Fundamental Modeling Principles

Nodes Represent Entities

Nodes are the primary entities in your domain:

-- People in a social network
CREATE (alice:Person {
    id: 'person_001',
    name: 'Alice Anderson',
    email: 'alice@example.com',
    birthdate: date('1990-05-15'),
    city: 'New York'
});

-- Products in an e-commerce system
CREATE (laptop:Product {
    id: 'prod_123',
    name: '15" Pro Laptop',
    sku: 'LAPTOP-PRO-15',
    price: 1299.99,
    category: 'Electronics'
});

-- Locations in a logistics system
CREATE (warehouse:Location {
    id: 'loc_456',
    name: 'Central Warehouse',
    address: '123 Industrial Blvd',
    lat: 40.7128,
    lon: -74.0060
});

Guideline: Create a node for anything you might want to query independently or that has properties distinct from its relationships.
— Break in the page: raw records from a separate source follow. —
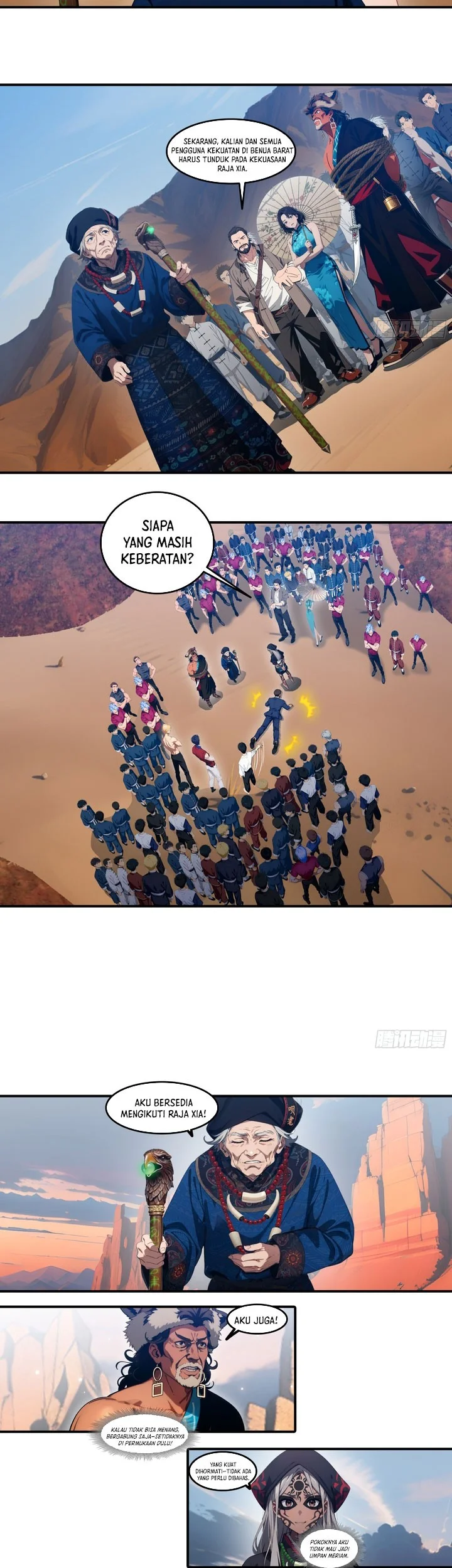 The Evil God Descends, I Own Great Hell Chapter 103 Gambar 5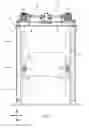 Fig. 04 - Assembly/transport apparatus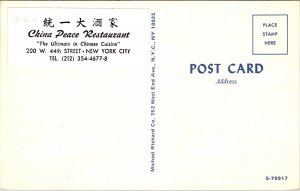 China Peace Restaurant 44Th Steet New York City Vintage Unposted Postcard 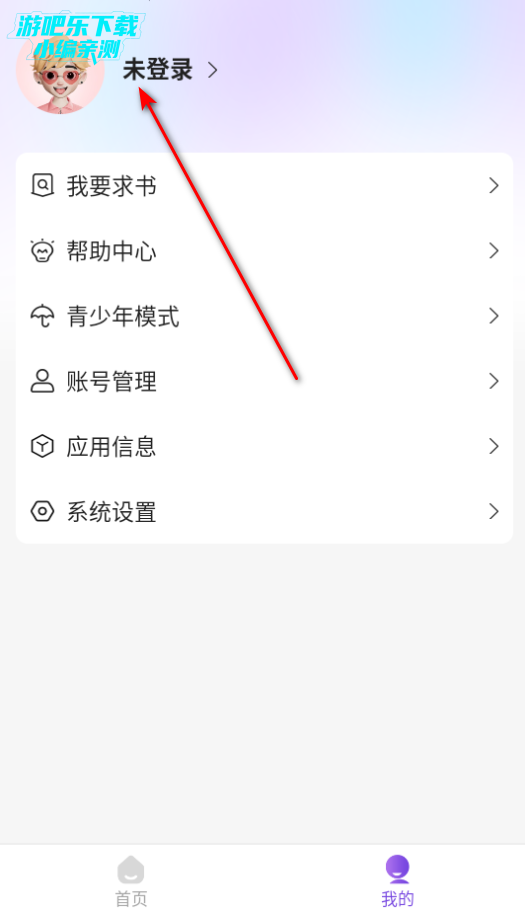 尘柚免费阅读漫画官方正版 尘柚免费阅读漫画官方正版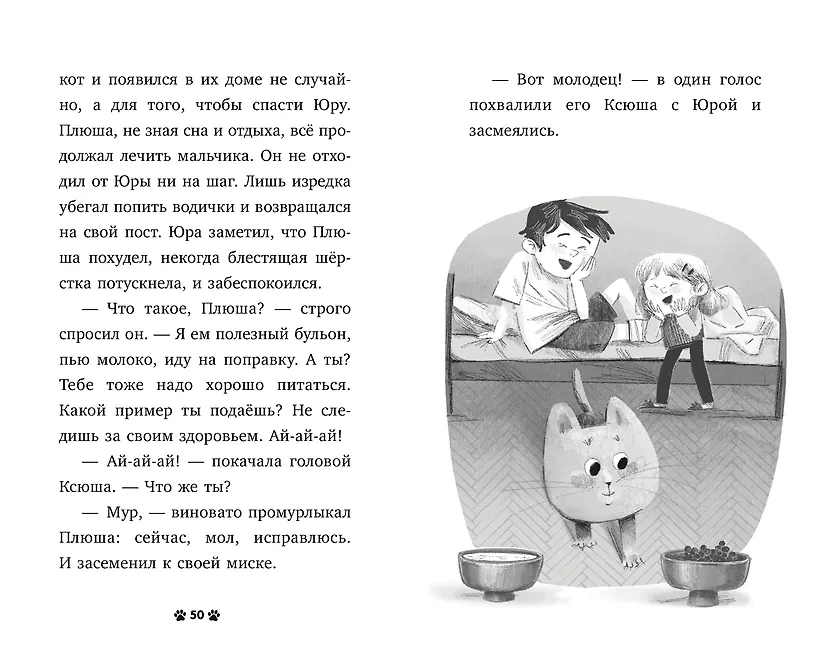 Котенок Плюша ищет семью фото книги маленькое 7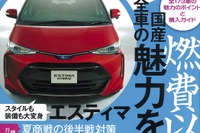 2016年後半に登場するニューモデルを網羅…ザ・マイカー 2016年8月号 画像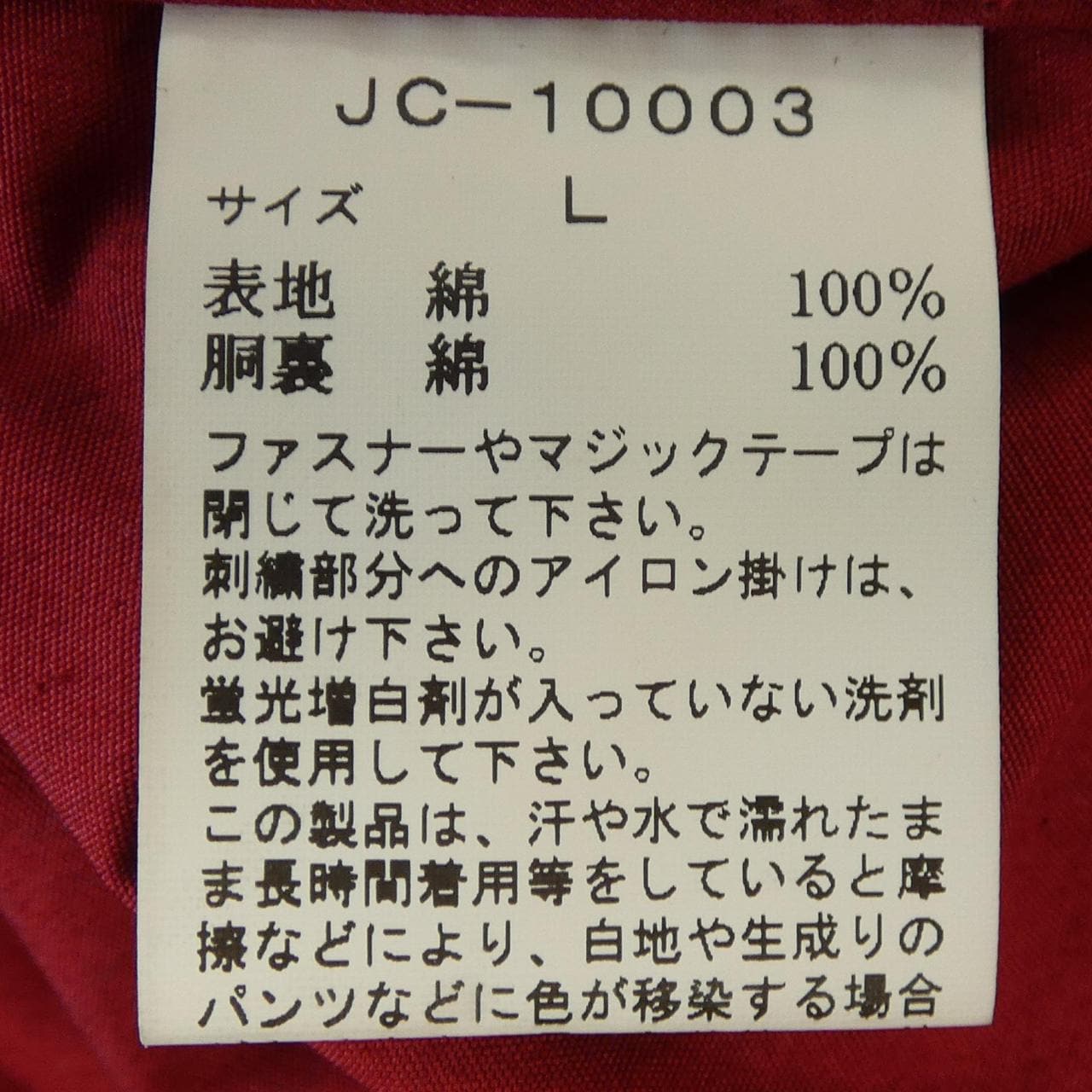 ヴァン VAN JC-10003 ブルゾン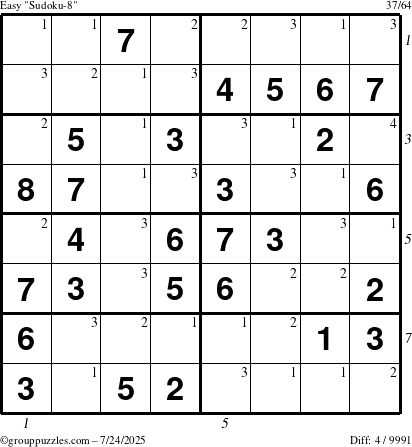 The grouppuzzles.com Easy Sudoku-8 puzzle for Thursday July 24, 2025 with all 4 steps marked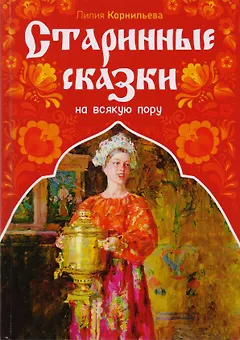 Старинные сказки на всякую пору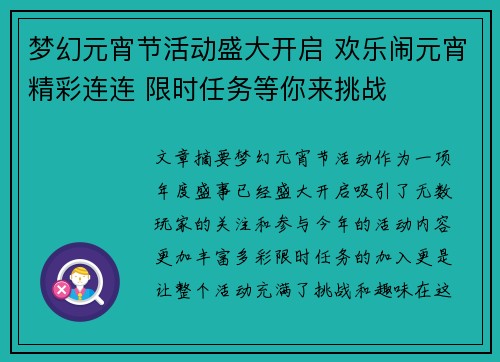 梦幻元宵节活动盛大开启 欢乐闹元宵精彩连连 限时任务等你来挑战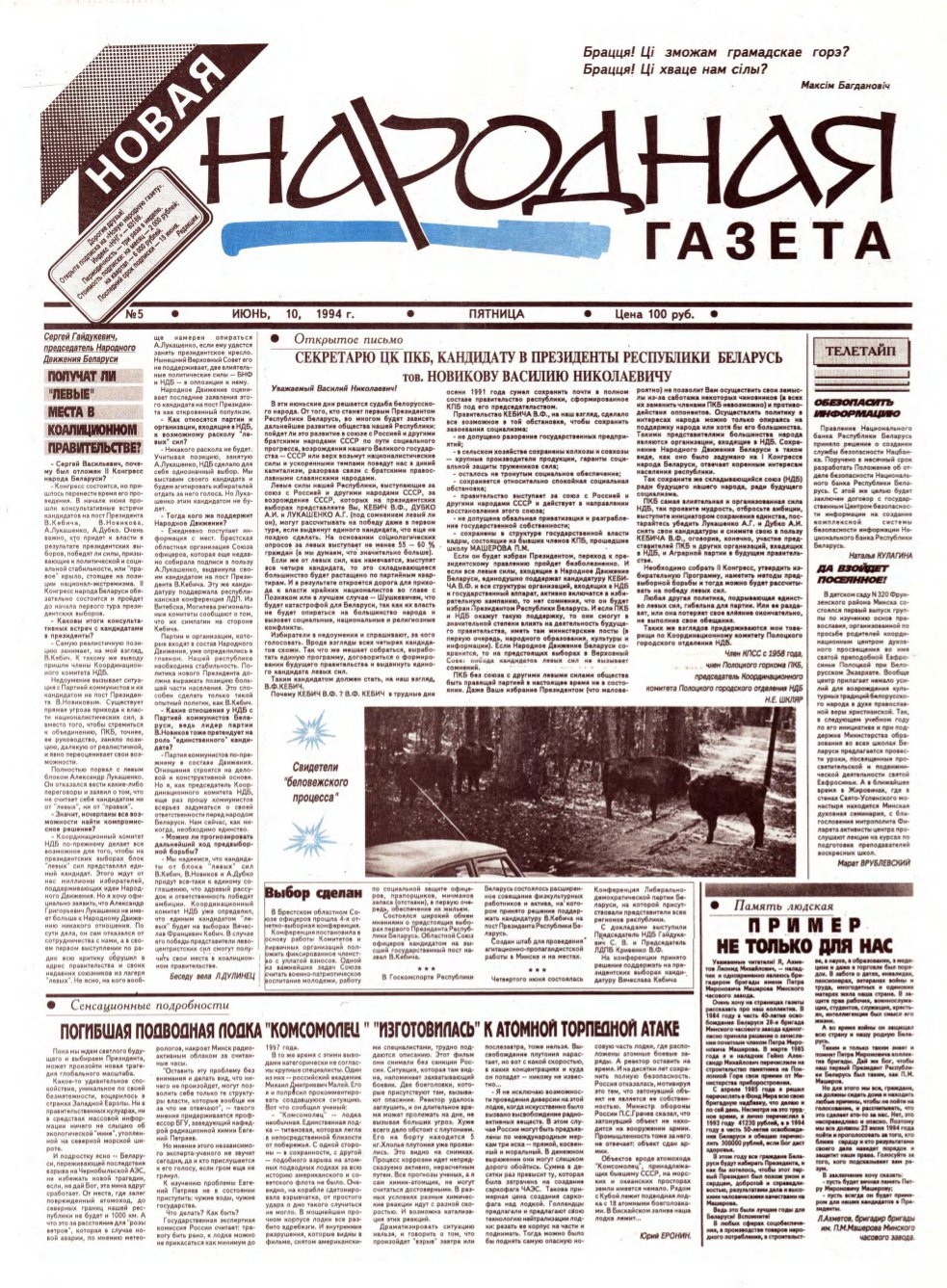 Новая народная газета 05/1994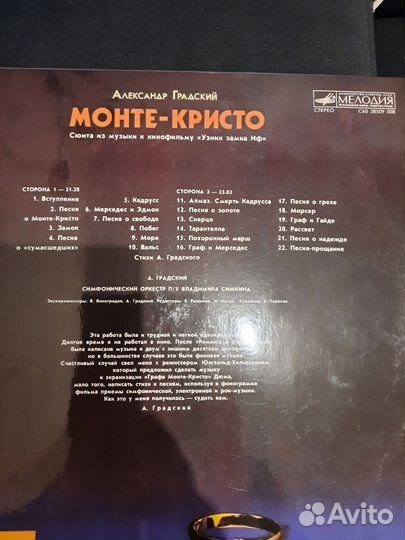 Александр градский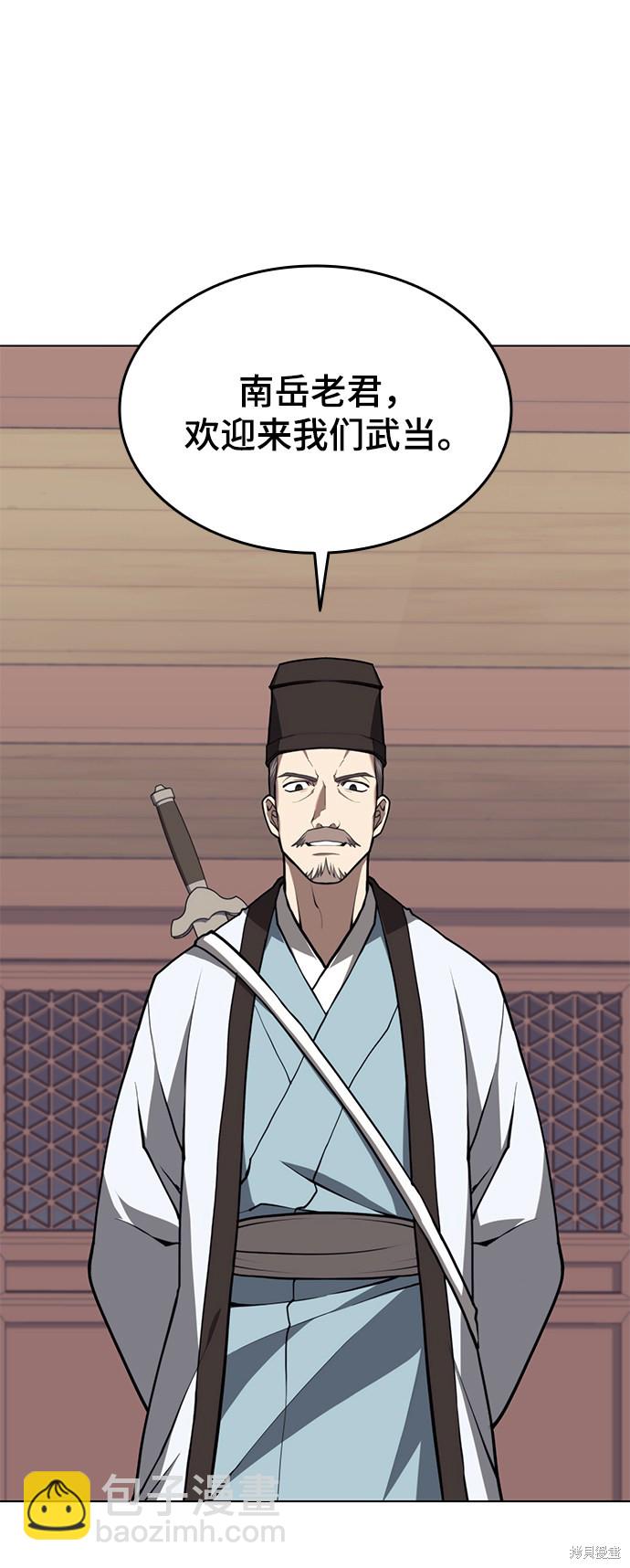 第2季27话10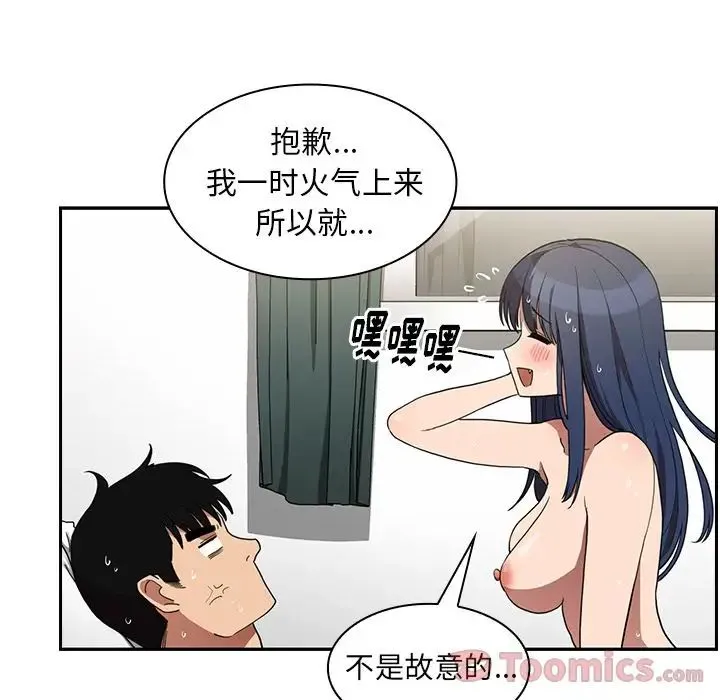 邻家三姐妹 - 第45话 - page 114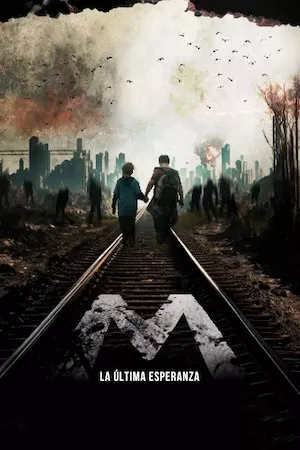 Poster М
Relationships Express Connections

Relationships show how entities connect:

-- Social connection
MATCH (alice:Person {id: 'person_001'}), (bob:Person {id: 'person_002'})
CREATE (alice)-[:FRIENDS_WITH {since: date('2020-01-15'), strength: 0.85}]->(bob);

-- Purchase transaction
MATCH (customer:Person {id: 'person_001'}), (product:Product {id: 'prod_123'})
CREATE (customer)-[:PURCHASED {
    date: datetime('2024-03-15T10:30:00'),
    price: 1299.99,
    quantity: 1,
    order_id: 'order_789'
}]->(product);

-- Geographic relationship
MATCH (product:Product {id: 'prod_123'}), (warehouse:Location {id: 'loc_456'})
CREATE (product)-[:STORED_AT {quantity: 50, last_restocked: date('2024-03-01')}]->(warehouse);

Guideline: Use relationships to express verbs and meaningful connections. Name relationships as actions (PURCHASED, KNOWS, MANAGES) or states (BELONGS_TO, LOCATED_IN).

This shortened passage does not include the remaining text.